Como bem sabemos, essas histórias se transformaram em grandes mitos com profundo conteúdo filosófico, deixando como síntese não os poderes e façanhas desses heróis, mas sim seus Valores Morais. Desse modo, o maior poder que podemos desejar é o de sermos nós mesmos, ou seja, de nos identificarmos com o nosso melhor e jamais trair as Virtudes que buscamos cultivar. A diferença, afinal, de um herói e um vilão está no seu caráter. Inspirado nesses arquétipos, podemos dizer que a maior prova para nós não é salvar o mundo, nem restaurar a paz em todo o Universo, mas manter-nos em equilíbrio e caminhando cotidianamente dentro da nossa rotina. Desejamos, por vezes, a Força de um Hércules, ou a Coragem de Aquiles, mas, na verdade, basta-nos cumprir com o nosso dever enquanto Ser Humano. Para isso não é preciso derrotar Tróia ou cumprir 12 árduos trabalhos, mas apenas fazer o nosso.

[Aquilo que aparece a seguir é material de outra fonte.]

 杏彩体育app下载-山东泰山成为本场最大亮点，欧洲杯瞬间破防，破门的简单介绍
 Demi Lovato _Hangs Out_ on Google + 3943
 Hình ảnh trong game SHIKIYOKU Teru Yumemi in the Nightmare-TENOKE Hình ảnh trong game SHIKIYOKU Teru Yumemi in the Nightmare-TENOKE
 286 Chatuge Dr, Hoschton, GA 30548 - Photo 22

Assim como uma torta de cereja leva ovos, leite, farinha de trigo, entre tantas outras coisas que precisam ser medidas e misturadas seguindo um ritmo e uma ordem, nós também precisamos caminhar em nosso próprio ritmo para alcançarmos o sucesso. Para isso não precisamos de super poderes, apenas de nossas Virtudes: Disciplina, Organização, Constância, Perseverança e as demais. Infelizmente, ainda gastamos nossa atenção apenas no resultado, quando todo o processo até chegar ao sucesso mostra-se tão mágico e extraordinário quanto sua própria finalidade. Ainda focamos apenas na frutinha de dar água na boca que se destaca em cima de tudo que foi gerado para ela ser colocada lá. No fim, fora das histórias de super heróis, mostra-se o mundo real: pessoas comuns, com poderes comuns, qualidades e defeitos comuns, mas cheias de frustrações extraordinárias por não se sentirem especiais. Devemos aprender a gostar do comum, a nos realizarmos nas pequenas tarefas, pois são a partir das pequenas provas que chegaremos às grandes e desafiadoras realizações.

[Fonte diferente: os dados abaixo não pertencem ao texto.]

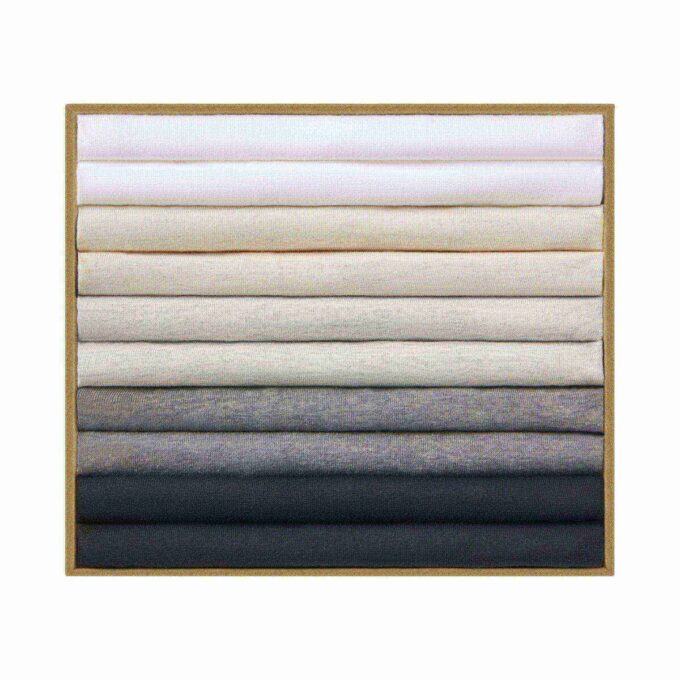 LIGHTWEIGHT COTTON BIKINI 10-PACK LIGHTWEIGHT COTTON BIKINI 10-PACK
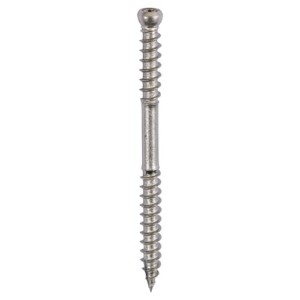 timco c2 cylinder head decking screws stainless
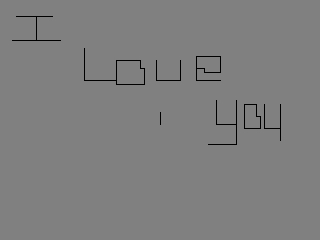 bskecth (2011-10-01 12:30:04)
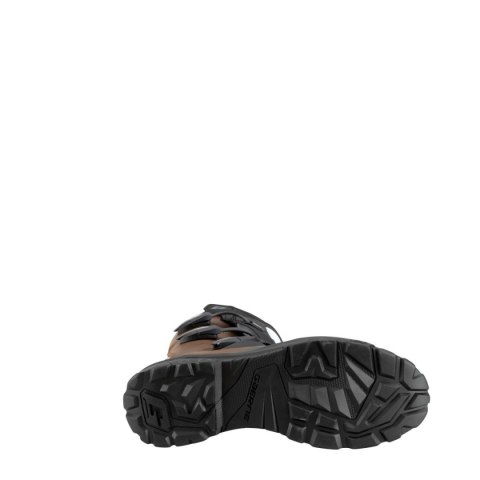 GAERNE BUTY TURYSTYCZNE MODEL G-ADVENTURE AQUATECH BROWN BROWN/BLACK 44 GAERNE BUTY TURYSTYCZNE MODEL G-ADVENTURE AQUATECH BROWN BROWN/BLACK 44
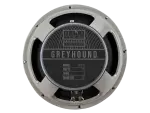 Mojotone Greyhound 12" / 70 W / 8 Ohm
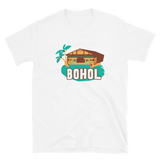 Bohol - Basic Tee
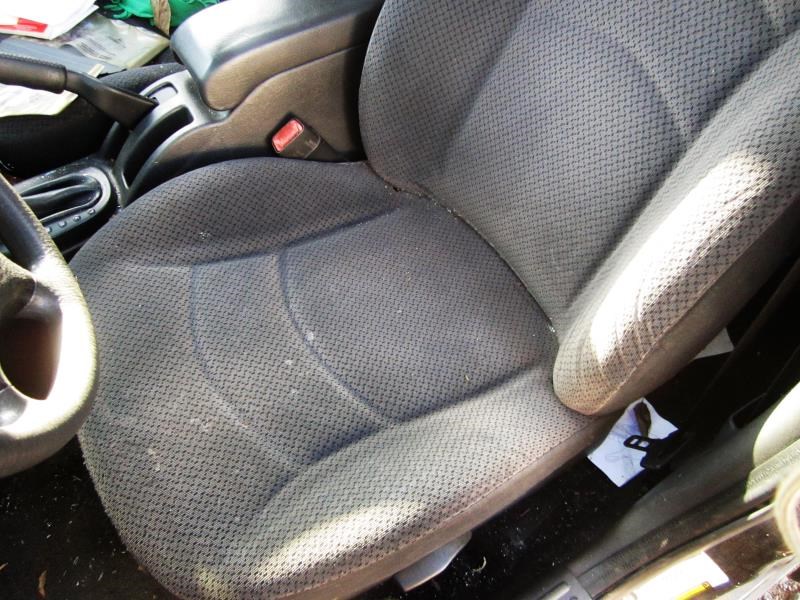 https://f005.backblazeb2.com/file/img-partshotlines-com/Inventory/OK19/Vehicle/11938_08.jpg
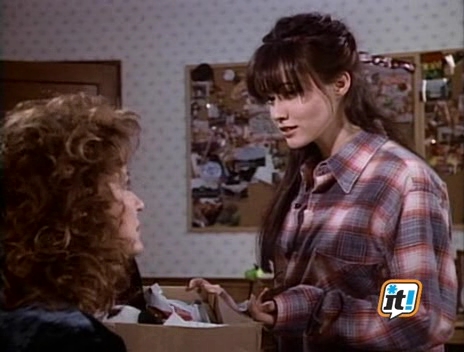 Charmed-Online-dot-NL-BeverlyHills90210-3x20-1898.jpg
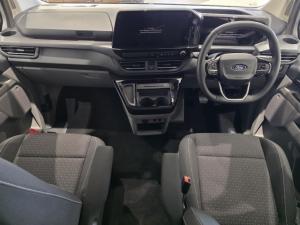 Ford Tourneo Custom 2.0SiT Trend LWB - Image 7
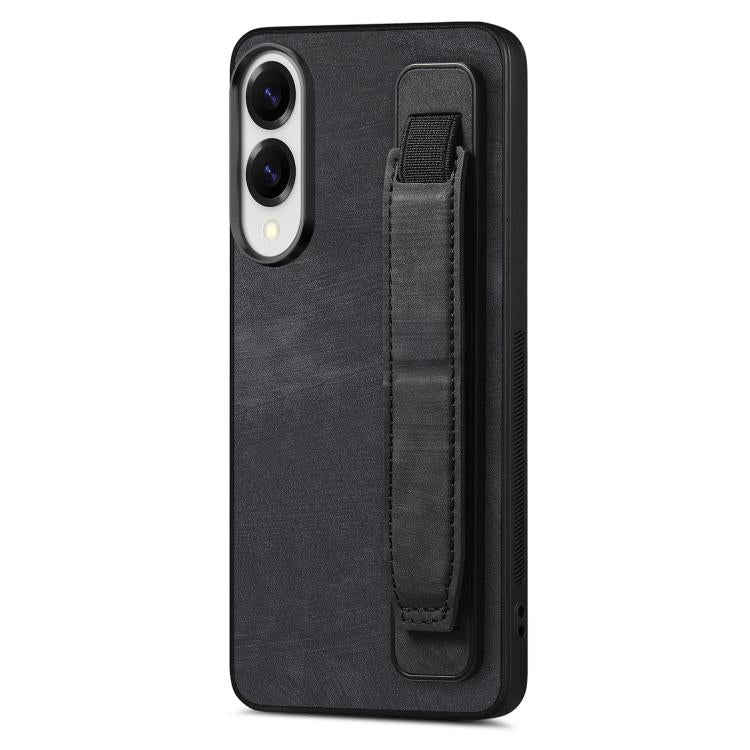 SYA002810003C.jpg@057f3d0390a8798dd9b30ba56d3d74f6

Achar que ser “super” é importante nos distrai do nosso real papel como Ser Humano. Ao tentar agradar milhares de pessoas que nos acompanham pelas redes sociais focando nelas toda nossa atenção, deixamos de lado outras coisas ao nosso redor, que nos aguardam, como ingredientes, para misturarem-se conosco e fazermos uma receita que irá alimentar os que têm fome de nossa presença, de nosso carinho. Isso está ao nosso alcance. Algumas pessoas, ao longo dos tempos, conseguiram ser realmente importantes, se tornaram verdadeiros heróis, mas todos tinham o mesmo objetivo de proteger o direito de sermos simples, de sermos comuns e vivermos uma vida normal. A identidade secreta de um super herói é guardada a sete chaves e não é à toa.

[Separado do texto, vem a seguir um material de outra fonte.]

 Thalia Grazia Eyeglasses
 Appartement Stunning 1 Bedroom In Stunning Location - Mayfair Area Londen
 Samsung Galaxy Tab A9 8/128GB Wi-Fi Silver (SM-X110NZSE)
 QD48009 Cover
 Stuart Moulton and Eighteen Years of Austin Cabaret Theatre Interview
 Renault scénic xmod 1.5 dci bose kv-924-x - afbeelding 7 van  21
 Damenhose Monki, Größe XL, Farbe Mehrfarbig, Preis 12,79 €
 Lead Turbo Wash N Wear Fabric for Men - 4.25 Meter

Cultivar, portanto, as Virtudes dos heróis é o maior ato de heroísmo que se pode cometer nos dias atuais. Os vilões, em verdade, não são grandes gênios do mal, mas, na maior parte do tempo, são nós mesmos: ao sabotarmos nossos planos e justificarmos nossos fracassos, por exemplo, deixamos que o “mal” que há em nós vença. Quando deixamos ser tomados pela preguiça, pelo medo e pelos mais diversos instintos, que buscam apenas a própria satisfação, estamos deixando nossos verdadeiros poderes se esvairem.
Assim, devemos resgatar o nosso Herói interior, aquele que age por Princípios e que tem nas suas Virtudes o seu poder. Ser comum é, de fato, o mais especial dom que podemos ter em um mundo onde as pessoas cada vez mais desejam se destacar do Todo.